Showing posts with label General: Anger Management. Show all posts
Showing posts with label General: Anger Management. Show all posts

Tuesday, May 1, 2012

Anger Management

I send out daily Omer emails, and the other day I received some constructive criticism for a segment in my email for the 23rd day of the Omer:

The combined Sephirah for Day 23 of the Omer is therefore Gevurah sheb'Netzach, "restrained triumph", suggesting a powerful persistence which is employed with judicious restraint.

The comic books of my youth featured a villain named "The Juggernaut", who was an unstoppable force once he launched himself in a given direction. When we are young and less mature, there is a certain appeal to this apparent strength; we like the idea that when we set our minds to something, nothing will sway or distract us. This is actually a weakness, though; being uncritically hard-driving is likely to lead to mistakes. Keeping our strength in reserve for when it is warranted is a more mature, and more successful, path.


My correspondent suggested that use of comic books degraded the value of my message.

I'm not so sure. I agree that we should be careful that our medium not cheapen Torah's message, but I do think that popular culture can provide instructive examples, as well as a way for people to relate to Torah.

Case in point: The NBA playoffs, just a couple of games old, have already provided two such examples, for anyone wanting to teach a teenager about anger management.

First, Celtics star Rajon Rondo bumps a referee while protesting a foul call, getting ejected from the game, killing his team's rally (they lost the game), and getting suspended from the next game.

As ESPN.com reported:
The Celtics were seconds away from possibly salvaging an atrocious Game 1 playoff performance against Atlanta that highlighted so many of their usual deficiencies -- rebounding, lack of depth, poor transition defense, stagnant offensive sets, reverting to "hero" ball to force points onto the board -- when Rajon Rondo decided to really ratchet up his team's degree of difficulty. Boston's Young Turk got himself ejected from the game with 41 seconds to go and -- as a result of the one-game suspension levied against him on Monday for bumping referee Marc Davis -- has left his team woefully shorthanded for Game 2 on Tuesday in Atlanta. I really can't decide which was more disappointing: Rondo becoming unglued over a questionable call on a messy scrum for a loose ball, or his insistence after the fact he didn't bump Davis on purpose. Right. And Metta World Peace didn't see James Harden standing there when he leveled him with his elbow. Look, maybe Davis should have whistled for a jump ball before he called Brandon Bass for a foul. And yes, maybe Davis was a tad quick in slapping a T on Rondo after he approached him with a few choice words.

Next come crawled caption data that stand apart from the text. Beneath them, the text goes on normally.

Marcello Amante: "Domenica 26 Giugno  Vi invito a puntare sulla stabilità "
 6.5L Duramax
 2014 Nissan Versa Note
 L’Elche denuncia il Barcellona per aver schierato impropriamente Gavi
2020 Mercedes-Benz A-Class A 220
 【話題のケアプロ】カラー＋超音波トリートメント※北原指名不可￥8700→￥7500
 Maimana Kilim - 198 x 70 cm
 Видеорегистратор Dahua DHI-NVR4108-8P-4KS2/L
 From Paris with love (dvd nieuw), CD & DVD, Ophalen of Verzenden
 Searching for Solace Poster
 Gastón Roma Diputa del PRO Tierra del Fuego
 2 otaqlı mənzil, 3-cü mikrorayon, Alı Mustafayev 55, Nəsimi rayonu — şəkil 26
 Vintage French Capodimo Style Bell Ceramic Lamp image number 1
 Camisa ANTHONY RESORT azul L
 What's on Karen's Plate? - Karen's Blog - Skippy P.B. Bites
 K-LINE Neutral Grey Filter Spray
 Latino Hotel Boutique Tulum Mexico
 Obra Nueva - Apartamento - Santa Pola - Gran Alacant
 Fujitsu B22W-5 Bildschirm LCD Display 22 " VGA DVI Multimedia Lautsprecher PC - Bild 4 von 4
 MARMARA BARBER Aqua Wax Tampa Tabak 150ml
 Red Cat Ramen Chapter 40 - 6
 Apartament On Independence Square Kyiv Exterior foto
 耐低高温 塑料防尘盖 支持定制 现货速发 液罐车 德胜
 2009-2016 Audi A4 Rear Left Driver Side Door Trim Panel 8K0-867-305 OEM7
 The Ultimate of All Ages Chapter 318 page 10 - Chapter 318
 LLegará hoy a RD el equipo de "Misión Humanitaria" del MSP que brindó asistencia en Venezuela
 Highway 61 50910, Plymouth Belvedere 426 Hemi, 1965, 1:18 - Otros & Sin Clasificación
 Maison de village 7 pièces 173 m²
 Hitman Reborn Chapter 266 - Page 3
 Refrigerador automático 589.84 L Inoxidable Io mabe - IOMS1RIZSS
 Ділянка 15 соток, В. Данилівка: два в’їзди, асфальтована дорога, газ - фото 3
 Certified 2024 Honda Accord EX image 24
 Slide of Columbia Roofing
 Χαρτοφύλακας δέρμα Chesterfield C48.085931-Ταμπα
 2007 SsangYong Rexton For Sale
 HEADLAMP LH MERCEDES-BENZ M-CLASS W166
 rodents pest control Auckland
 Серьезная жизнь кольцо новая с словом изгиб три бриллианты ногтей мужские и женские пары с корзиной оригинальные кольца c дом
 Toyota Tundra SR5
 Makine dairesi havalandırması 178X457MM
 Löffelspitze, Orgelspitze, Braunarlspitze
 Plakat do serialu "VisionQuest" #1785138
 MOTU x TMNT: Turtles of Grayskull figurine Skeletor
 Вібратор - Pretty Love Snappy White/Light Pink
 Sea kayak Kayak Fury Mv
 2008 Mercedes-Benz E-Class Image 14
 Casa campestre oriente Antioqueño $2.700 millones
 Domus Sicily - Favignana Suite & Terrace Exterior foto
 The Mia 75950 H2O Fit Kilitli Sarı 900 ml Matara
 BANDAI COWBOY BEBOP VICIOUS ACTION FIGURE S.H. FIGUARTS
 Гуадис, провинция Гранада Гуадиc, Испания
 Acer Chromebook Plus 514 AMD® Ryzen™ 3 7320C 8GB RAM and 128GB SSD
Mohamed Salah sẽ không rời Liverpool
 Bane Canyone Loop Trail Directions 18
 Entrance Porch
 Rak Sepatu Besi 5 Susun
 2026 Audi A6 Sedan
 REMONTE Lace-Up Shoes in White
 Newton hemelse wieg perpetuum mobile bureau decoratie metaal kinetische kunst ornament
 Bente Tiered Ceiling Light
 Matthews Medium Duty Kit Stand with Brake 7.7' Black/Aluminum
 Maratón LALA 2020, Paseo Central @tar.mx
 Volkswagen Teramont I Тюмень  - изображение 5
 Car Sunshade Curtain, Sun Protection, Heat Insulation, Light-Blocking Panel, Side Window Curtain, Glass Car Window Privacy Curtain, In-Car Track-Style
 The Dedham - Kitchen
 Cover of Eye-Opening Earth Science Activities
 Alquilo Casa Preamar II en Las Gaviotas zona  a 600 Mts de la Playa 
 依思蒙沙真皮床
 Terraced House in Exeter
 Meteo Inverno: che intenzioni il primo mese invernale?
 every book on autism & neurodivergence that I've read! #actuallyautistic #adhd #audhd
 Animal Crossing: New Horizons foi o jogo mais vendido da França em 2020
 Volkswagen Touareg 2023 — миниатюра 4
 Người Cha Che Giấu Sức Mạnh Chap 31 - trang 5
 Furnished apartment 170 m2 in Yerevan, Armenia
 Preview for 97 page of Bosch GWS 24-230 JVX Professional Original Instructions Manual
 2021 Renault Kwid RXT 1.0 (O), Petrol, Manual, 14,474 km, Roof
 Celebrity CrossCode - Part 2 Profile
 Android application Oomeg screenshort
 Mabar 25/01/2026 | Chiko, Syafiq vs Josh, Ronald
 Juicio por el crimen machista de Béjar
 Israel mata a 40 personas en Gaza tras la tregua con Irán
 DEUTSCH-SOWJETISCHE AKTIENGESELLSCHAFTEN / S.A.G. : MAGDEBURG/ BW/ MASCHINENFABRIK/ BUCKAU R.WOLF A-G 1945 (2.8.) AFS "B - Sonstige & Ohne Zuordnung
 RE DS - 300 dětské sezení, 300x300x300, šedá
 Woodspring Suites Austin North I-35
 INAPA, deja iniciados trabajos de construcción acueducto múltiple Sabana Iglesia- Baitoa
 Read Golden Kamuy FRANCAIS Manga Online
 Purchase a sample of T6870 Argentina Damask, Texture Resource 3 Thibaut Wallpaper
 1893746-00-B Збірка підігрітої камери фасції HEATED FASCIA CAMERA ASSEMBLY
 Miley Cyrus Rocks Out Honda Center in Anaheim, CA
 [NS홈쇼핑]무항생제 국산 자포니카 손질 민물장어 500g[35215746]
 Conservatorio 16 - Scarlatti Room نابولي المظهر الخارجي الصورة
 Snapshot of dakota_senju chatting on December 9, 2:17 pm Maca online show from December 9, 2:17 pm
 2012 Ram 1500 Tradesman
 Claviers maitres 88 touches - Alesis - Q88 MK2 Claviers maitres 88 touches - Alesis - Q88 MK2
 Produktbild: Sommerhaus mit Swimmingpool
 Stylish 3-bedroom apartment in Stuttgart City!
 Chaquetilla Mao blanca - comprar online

Too bad. Maintain your composure. That's what great players -- and great teams -- do.

Then, last night, one of the Knicks' stars, Amare Stoudemire, followed up the team's loss by punching a glass fire extinguisher case, tearing up his hand:

Amare Stoudemire reduced himself to another A.J. Burnett, another Kevin Brown, another raging, self-absorbed New Yorker who put his own frustrations over his team's pressing needs. He cut up his left hand punching a fire extinguisher case after Monday's Game 2 loss to the Miami Heat, by far his most aggressive move of the night. After scoring the softest, least impactful 18 points a man can score in a playoff game, Stoudemire left AmericanAirlines Arena in silence with his hand heavily taped and his arm in a sling, and with security guards shouting for everyone to get back.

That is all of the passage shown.